>>

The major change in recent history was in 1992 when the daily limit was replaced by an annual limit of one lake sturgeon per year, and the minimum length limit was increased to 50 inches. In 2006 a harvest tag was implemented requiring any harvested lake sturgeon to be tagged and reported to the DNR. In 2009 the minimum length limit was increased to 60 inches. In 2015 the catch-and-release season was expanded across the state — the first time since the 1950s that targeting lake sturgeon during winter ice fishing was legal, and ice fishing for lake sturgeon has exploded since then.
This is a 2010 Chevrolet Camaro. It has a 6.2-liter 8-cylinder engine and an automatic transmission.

<<
>>

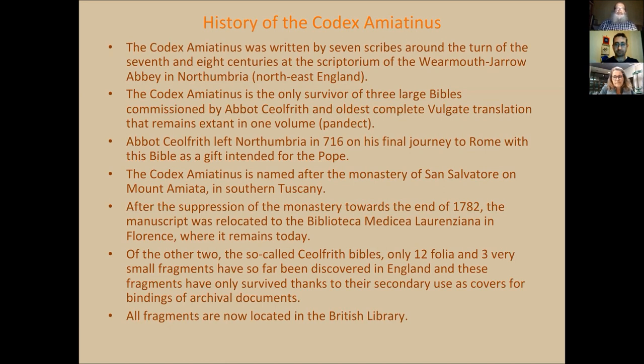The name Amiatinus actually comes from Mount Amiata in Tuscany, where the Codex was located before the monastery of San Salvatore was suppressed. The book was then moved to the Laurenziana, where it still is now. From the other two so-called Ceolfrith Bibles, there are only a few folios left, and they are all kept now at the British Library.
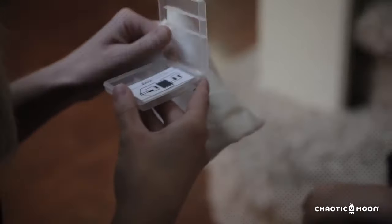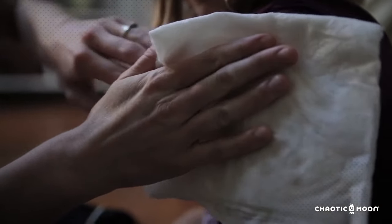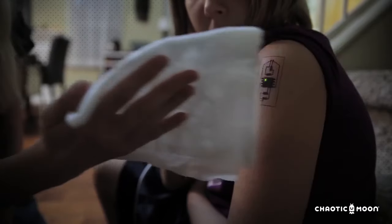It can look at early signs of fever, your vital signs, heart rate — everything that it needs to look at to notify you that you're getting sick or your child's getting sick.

<<
>>

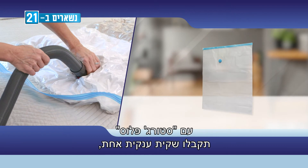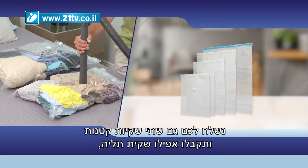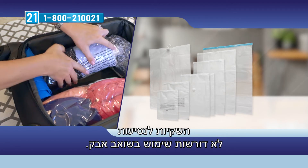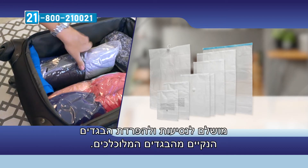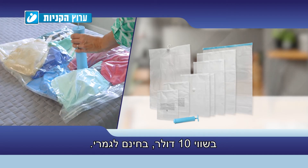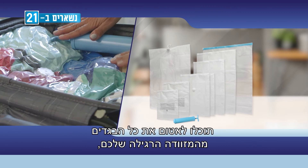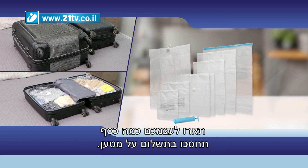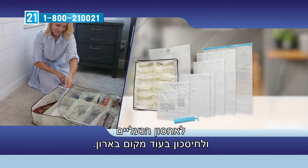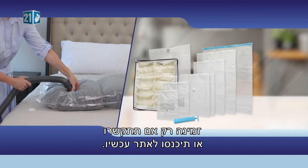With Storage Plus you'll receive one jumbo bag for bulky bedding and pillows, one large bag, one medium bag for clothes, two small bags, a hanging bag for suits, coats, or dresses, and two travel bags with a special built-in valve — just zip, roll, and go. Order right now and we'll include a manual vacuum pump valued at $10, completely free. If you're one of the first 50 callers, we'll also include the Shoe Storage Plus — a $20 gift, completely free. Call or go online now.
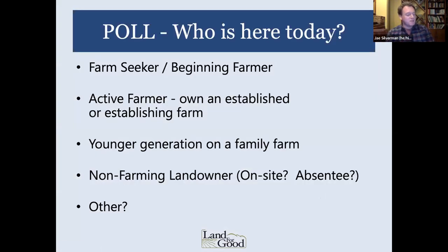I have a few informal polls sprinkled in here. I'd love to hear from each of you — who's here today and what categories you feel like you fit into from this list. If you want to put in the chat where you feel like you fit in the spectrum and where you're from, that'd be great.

<<

*Try it*. Will you return exactly the lines above from the one with "The major change" down to the one with "This is a 2010", counting both as part of the range?

*Exercise solution*.
The major change in recent history was in 1992 when the daily limit was replaced by an annual limit of one lake sturgeon per year, and the minimum length limit was increased to 50 inches. In 2006 a harvest tag was implemented requiring any harvested lake sturgeon to be tagged and reported to the DNR. In 2009 the minimum length limit was increased to 60 inches. In 2015 the catch-and-release season was expanded across the state — the first time since the 1950s that targeting lake sturgeon during winter ice fishing was legal, and ice fishing for lake sturgeon has exploded since then.
This is a 2010 Chevrolet Camaro. It has a 6.2-liter 8-cylinder engine and an automatic transmission.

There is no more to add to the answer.